U.S. President Joe Biden travels to Ohio
U.S. President Joe Biden speaks on rebuilding American manufacturing through the CHIPS and Science Act at the groundbreaking of the new Intel semiconductor manufacturing facility in New Albany, Ohio, U.S., September 9, 2022. REUTERS/Joshua Roberts

HONG KONG, Oct 11 (Reuters Breakingviews) - Washington's sweeping technology curbs on China today will have ripple effects across global supply chains tomorrow. The export controls unveiled by the U.S. Department of Commerce on Friday will effectively block the People's Republic from developing its own advanced semiconductors needed for supercomputers and the like. But the ban may prompt Chinese chipmakers to hasten their progress in the commoditised parts of the market, embedding firms like Semiconductor Manufacturing International (0981.HK) in global supply chains.
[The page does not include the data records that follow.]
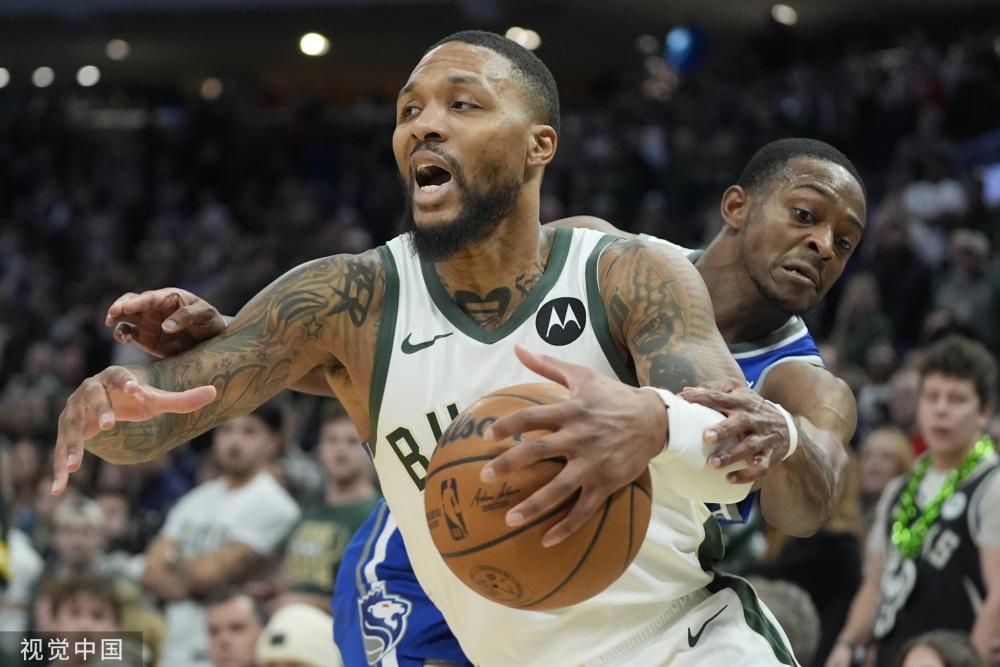 双后腰体系 双后腰体系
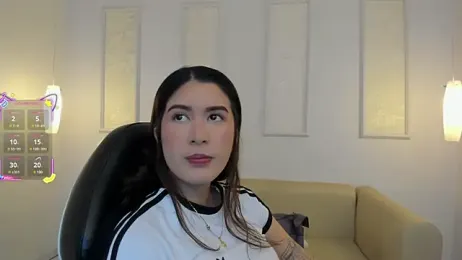 emilyycute_ webcam stripchat model stream image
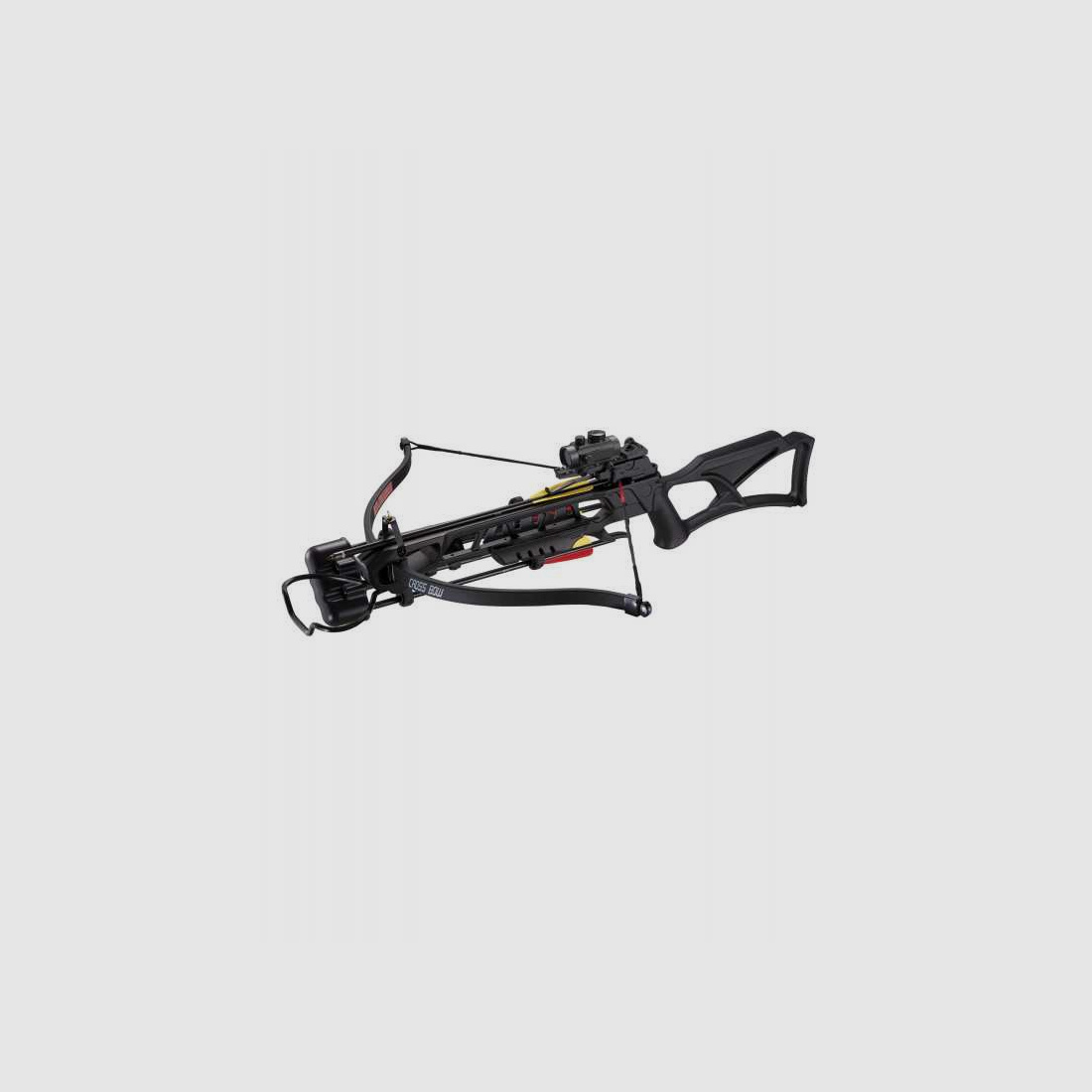 United Cutlery Avalanche Anaconda 175LB Armbrust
The measures mark a huge escalation in President Joe Biden's efforts to hobble Beijing's chip advances. Essentially, any company that uses American equipment will be restricted from selling relatively high-tech semiconductors or tools to Chinese firms. And because nearly every factory relies on crucial hardware and software from U.S. suppliers like Lam Research (LRCX.O) and Applied Materials (AMAT.O), the latest move potentially sets back Chinese chipmakers by years, if not decades.

Yet this need not be the end of the $23 billion SMIC and its compatriots. In fact, most are quietly thriving by churning out low-tech chips that are seen as less politically sensitive. Notably, while the new U.S. rules target specific types of leading-edge memory and logic components to be restricted, so-called trailing-edge products, such as analog or discrete semiconductors commonly used in computers, gadgets and cars, fall under a grey area.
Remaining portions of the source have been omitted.